Constant Stepsize Q-learning: Distributional Convergence, Bias and Extrapolation

TL;DR

This paper analyzes constant stepsize Q-learning, proving its distributional convergence, asymptotic normality, and explicit bias expansion, and introduces a Richardson-Romberg extrapolation method to improve estimation accuracy.

Contribution

It provides the first distributional convergence proof for constant stepsize Q-learning and develops a bias correction technique using Richardson-Romberg extrapolation.

Findings

Proves distributional convergence of Q-learning iterates in Wasserstein distance.

Establishes asymptotic normality of averaged Q-learning iterates.

Derives an explicit formula for the bias of the averaged iterate.

Abstract

Stochastic Approximation (SA) is a widely used algorithmic approach in various fields, including optimization and reinforcement learning (RL). Among RL algorithms, Q-learning is particularly popular due to its empirical success. In this paper, we study asynchronous Q-learning with constant stepsize, which is commonly used in practice for its fast convergence. By connecting the constant stepsize Q-learning to a time-homogeneous Markov chain, we show the distributional convergence of the iterates in Wasserstein distance and establish its exponential convergence rate.
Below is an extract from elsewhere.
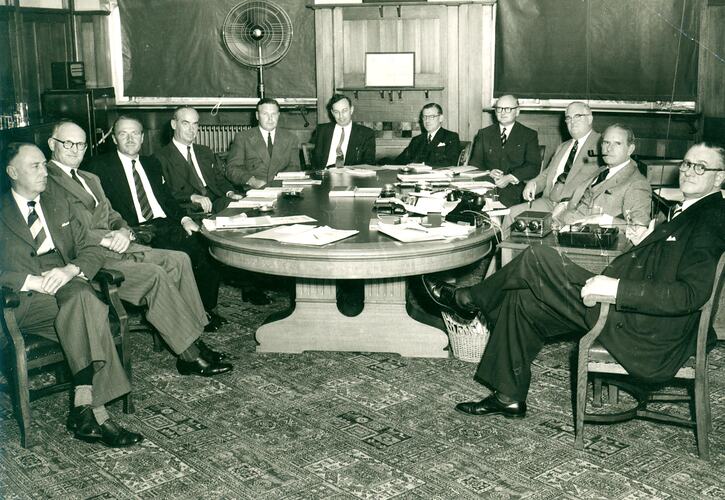 Group of men sitting around board room table.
We also establish a Central Limit Theory for Q-learning iterates, demonstrating the asymptotic normality of the averaged iterates. Moreover, we provide an explicit expansion of the asymptotic bias of the averaged iterate in stepsize. Specifically, the bias is proportional to the stepsize up to higher-order terms and we provide an explicit expression for the linear coefficient. This precise characterization of the bias allows the application of Richardson-Romberg (RR) extrapolation technique to construct a new estimate that is provably closer to the optimal Q function. Numerical results corroborate our theoretical finding on the improvement of the RR extrapolation method.